Leave out all pictures while you copy the lines exactly from the one with "living room with" through the last line of the listing.

Information supplied ▸

⁂

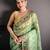 green slub cotton blend printed saree with unstitched blouse piece.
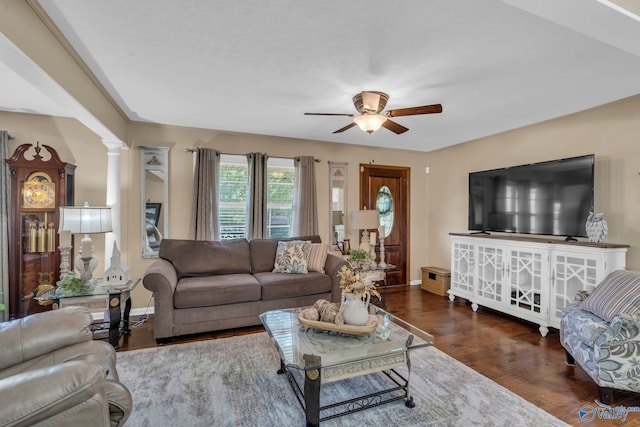 living room with ceiling fan, dark hardwood / wood-style flooring, and ornate columns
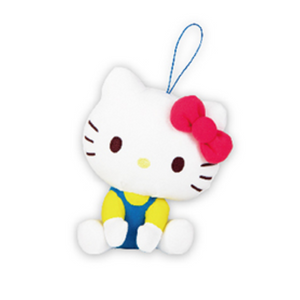 Hello Kitty wearing a yellow shirt and blue overalls with her classic red bow. Her head is cocked slightly and she's in a seated pose.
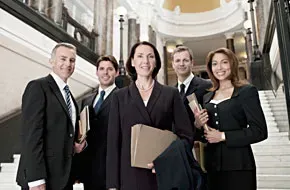 A group of business people are standing next to each other on a set of stairs.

⁂

Exercise solution ▸
 living room with ceiling fan, dark hardwood / wood-style flooring, and ornate columns
 Hello Kitty wearing a yellow shirt and blue overalls with her classic red bow. Her head is cocked slightly and she's in a seated pose.
 A group of business people are standing next to each other on a set of stairs.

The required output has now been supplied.